Do you ever wonder what actually goes into pet food? Everyone with a pet has to provide food for them every day, but most of us are unaware of the background to what we are feeding. That’s not to say that we don’t care about it: pet food manufacturers know that we want to do the best for our pets, so labelling and packaging tends to give a sense of wholesome ingredients and tastiness. But what’s going on behind the scenes?
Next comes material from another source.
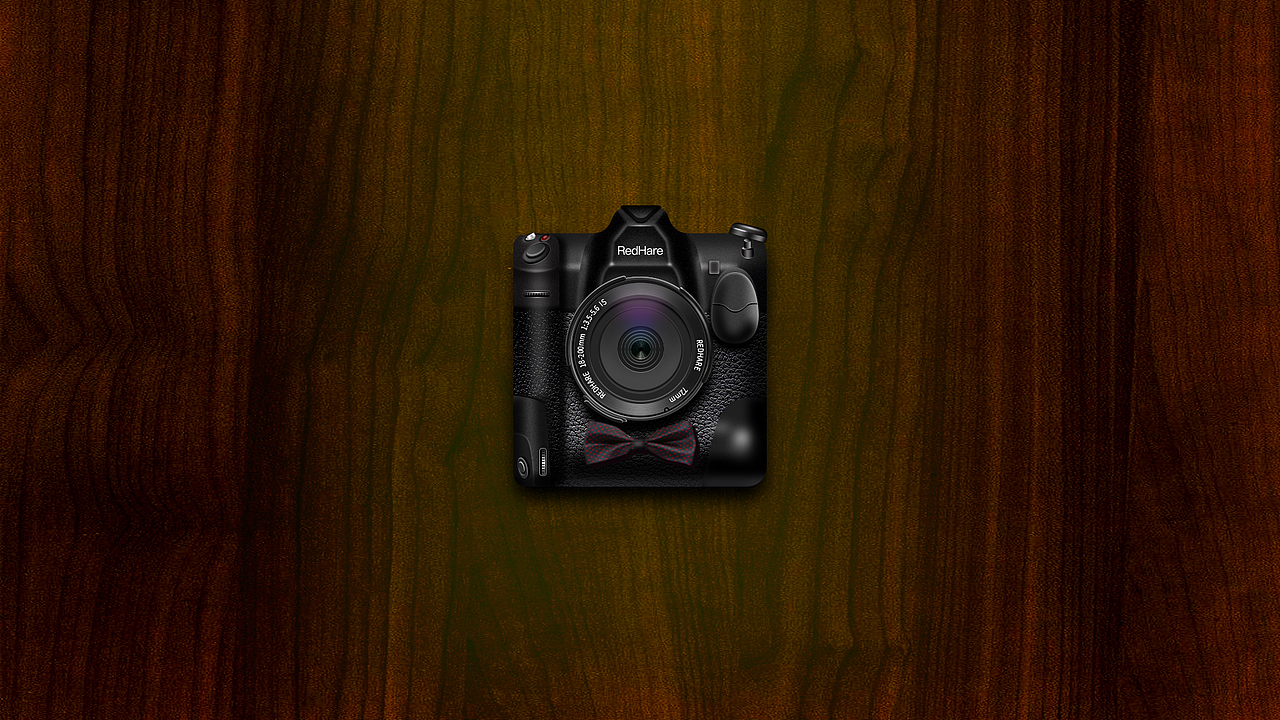 拟物化图标临摹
There’s an anti-corporate trend in the modern online world, with an underlying emotion of distrust in big companies. While this may sometimes be justified, the truth is that most companies are just bigger versions of small businesses, doing their best to provide products and services in an efficient, effective way. Pet food companies are no different: while some pet owners may dislike the idea of mass produced pet food, it’s still the method that most pet owners use to feed their pets, and for the most part, it works very well. Pet food production is regulated by law to ensure that it’s safe and nutritious. Recent research showed that 70% of owners and 85% of vets agreed that commercially prepared pet food provides optimum nutrition. Almost 60% of owners and 95% vets would go as far as to say pets are living longer as a result of advanced nutrition. Of course there are individual animals that have special nutritional needs, just as some humans do. But for most pets, commercial pet food does a good job.
Pet food manufacturers produce products in line guidelines that are regularly reviewed by independent nutrition experts. There is also strict legislation governing what ingredients can be used, laid down by European law, but also applicable to imported commercially prepared pet foods.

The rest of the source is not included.